The Beat Review gave the song 4 out of 5 stars saying that "It’s an emotional track that catches every emotion of everybody who hears it. It’s somehow about being “perfect” as Daniel sings, “It took something perfect, to paint it red”. Along with the impressive arrangement, Daniel’s soulful, raspy vocals ventures into the whole track making it one of his finest".

Chart Blog gave the song 3 out of 5 stars saying "I can't tell if it's the quiet, uncharismatic way he has about him or the song's melodic weak spots which is the problem - for all that the chorus is great, there's a bridge which doesn't really work - but somehow this isn't an easy song to get excited about".

== Track list ==
1. "Red"
2. "You Don't Know What Love Is (You Just Do As You're Told)"

== Release history ==

| Country | Release date | Format | Label |
|---|---|---|---|
| United Kingdom | 18 May 2009 | CD single, digital download | RCA Label Group (UK) |

==Charts==
The song entered the UK Singles Chart at number 5, making it his second top ten hit as the lead vocalist. It stayed in that position for a second, third and fourth week. The song entered the Irish Singles Chart at number 36, marking it the first Merriweather song, with him as a lead vocalist, to chart in the country. It eventually peaked at number 9, becoming his first top ten hit on the Irish Charts. The song also became popular in Denmark, spending 16 weeks on the chart and peaking at number 5.

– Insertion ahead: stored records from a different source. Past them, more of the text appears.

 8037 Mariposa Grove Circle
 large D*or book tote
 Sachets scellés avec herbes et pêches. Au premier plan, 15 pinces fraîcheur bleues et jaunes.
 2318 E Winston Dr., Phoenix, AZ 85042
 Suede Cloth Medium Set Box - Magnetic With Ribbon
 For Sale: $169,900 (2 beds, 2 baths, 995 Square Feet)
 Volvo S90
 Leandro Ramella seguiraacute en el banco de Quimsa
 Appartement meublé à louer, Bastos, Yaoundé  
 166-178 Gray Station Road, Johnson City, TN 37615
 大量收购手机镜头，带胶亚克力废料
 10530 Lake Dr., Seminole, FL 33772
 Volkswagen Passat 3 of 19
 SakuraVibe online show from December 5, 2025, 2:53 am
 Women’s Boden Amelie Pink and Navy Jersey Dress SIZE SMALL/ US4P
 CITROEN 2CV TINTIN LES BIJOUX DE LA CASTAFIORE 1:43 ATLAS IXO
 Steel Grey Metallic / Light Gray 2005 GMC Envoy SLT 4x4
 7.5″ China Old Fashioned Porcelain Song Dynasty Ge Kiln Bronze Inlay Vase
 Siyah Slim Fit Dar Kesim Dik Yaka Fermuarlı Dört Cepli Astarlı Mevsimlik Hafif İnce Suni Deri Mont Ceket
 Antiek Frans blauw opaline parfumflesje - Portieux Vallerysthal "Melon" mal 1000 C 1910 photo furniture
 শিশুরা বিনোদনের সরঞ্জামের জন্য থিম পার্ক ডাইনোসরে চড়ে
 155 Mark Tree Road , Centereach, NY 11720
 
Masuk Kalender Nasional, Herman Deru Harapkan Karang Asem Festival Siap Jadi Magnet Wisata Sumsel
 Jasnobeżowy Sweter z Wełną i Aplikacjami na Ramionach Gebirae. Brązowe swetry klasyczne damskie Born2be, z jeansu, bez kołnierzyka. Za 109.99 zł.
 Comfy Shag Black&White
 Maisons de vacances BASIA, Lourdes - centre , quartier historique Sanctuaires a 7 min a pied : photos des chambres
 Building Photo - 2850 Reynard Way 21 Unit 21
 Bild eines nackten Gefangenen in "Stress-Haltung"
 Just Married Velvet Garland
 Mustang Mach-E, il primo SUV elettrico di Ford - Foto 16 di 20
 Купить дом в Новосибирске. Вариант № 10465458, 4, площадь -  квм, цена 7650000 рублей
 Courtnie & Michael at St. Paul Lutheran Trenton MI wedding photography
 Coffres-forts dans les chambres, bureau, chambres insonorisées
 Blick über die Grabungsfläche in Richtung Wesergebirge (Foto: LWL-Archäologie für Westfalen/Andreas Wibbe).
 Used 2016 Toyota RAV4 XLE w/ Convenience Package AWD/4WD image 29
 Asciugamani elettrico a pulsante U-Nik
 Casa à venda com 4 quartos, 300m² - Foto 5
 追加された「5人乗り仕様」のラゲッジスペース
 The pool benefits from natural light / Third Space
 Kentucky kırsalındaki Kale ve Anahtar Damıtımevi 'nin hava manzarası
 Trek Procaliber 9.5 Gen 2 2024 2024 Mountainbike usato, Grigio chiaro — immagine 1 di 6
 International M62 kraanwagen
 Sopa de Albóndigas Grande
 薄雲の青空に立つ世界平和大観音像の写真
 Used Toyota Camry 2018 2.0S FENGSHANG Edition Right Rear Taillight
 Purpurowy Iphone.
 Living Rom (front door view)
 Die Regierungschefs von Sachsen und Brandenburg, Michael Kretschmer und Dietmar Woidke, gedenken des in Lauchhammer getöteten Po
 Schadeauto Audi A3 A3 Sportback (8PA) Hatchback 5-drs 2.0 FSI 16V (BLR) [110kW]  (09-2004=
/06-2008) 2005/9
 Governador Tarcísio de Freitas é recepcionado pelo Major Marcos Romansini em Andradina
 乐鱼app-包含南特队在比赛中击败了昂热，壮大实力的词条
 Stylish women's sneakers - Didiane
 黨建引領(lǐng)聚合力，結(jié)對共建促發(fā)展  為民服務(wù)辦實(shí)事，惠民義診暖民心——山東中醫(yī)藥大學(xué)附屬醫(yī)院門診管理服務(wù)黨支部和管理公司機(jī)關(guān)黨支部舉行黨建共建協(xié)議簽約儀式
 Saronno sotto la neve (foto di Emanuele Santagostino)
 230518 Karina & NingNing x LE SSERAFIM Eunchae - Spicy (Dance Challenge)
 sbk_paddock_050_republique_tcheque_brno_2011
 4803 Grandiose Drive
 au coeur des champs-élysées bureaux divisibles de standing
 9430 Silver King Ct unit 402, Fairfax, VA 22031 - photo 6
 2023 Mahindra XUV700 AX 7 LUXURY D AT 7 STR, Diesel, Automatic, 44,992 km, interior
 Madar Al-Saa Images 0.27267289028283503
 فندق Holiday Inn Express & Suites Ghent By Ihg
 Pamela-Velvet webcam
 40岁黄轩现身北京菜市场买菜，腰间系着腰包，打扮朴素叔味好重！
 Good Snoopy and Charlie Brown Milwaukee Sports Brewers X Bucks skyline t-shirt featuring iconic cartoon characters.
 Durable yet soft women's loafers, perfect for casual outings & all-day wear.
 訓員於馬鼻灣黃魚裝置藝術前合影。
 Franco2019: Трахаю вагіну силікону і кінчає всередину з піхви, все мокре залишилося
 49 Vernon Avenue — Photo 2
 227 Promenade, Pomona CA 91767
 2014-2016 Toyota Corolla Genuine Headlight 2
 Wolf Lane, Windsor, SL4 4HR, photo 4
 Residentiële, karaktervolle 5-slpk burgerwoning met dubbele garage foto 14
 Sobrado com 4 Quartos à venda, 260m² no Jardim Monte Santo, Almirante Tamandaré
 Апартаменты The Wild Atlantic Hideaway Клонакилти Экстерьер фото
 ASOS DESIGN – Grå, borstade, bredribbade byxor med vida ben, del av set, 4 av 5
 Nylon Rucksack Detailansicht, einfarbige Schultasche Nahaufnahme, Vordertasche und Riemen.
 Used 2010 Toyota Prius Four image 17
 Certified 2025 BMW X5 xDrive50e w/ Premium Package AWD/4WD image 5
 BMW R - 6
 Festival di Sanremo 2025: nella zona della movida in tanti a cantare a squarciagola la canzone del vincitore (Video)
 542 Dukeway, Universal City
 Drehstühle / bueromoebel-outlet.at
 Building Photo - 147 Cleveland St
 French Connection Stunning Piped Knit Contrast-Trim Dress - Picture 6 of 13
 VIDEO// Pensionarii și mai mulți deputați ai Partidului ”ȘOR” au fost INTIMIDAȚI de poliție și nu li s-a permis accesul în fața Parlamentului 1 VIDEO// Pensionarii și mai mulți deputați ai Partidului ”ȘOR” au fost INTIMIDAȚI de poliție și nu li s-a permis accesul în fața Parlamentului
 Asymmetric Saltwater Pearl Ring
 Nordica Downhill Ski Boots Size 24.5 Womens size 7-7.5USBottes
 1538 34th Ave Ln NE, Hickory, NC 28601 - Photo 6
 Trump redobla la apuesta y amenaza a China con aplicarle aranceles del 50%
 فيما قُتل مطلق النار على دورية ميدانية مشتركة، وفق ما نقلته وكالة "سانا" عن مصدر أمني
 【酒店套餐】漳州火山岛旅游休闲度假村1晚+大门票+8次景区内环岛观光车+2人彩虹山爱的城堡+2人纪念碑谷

== Charts and certifications ==

=== Weekly charts ===

| Chart (2009) | Peak position |
|---|---|
| Australia (ARIA) | 65 |
| Denmark (Tracklisten) | 5 |
| Ireland (IRMA) | 9 |
| Scotland Singles (OCC) | 8 |
| UK Singles (OCC) | 5 |

===Year-end charts===

| Chart (2009) | Position |
|---|---|
| UK Singles Chart | 36 |

=== Certifications ===

| Region | Certification | Certified units/sales |
| Denmark (IFPI Danmark) | Gold | 15,000^{^} |
| United Kingdom (BPI) | Platinum | 600,000^{‡} |
^{^} Shipments figures based on certification alone. ^{‡} Sales+streaming figures based on certification alone.

==B-side: "You Don't Know What Love Is (You Just Do As You're Told)"==
The B-side song entered the UK Singles Chart at number 126, without any promotion except from being the "Red" B-side. It was the first B-side by Merriweather to chart.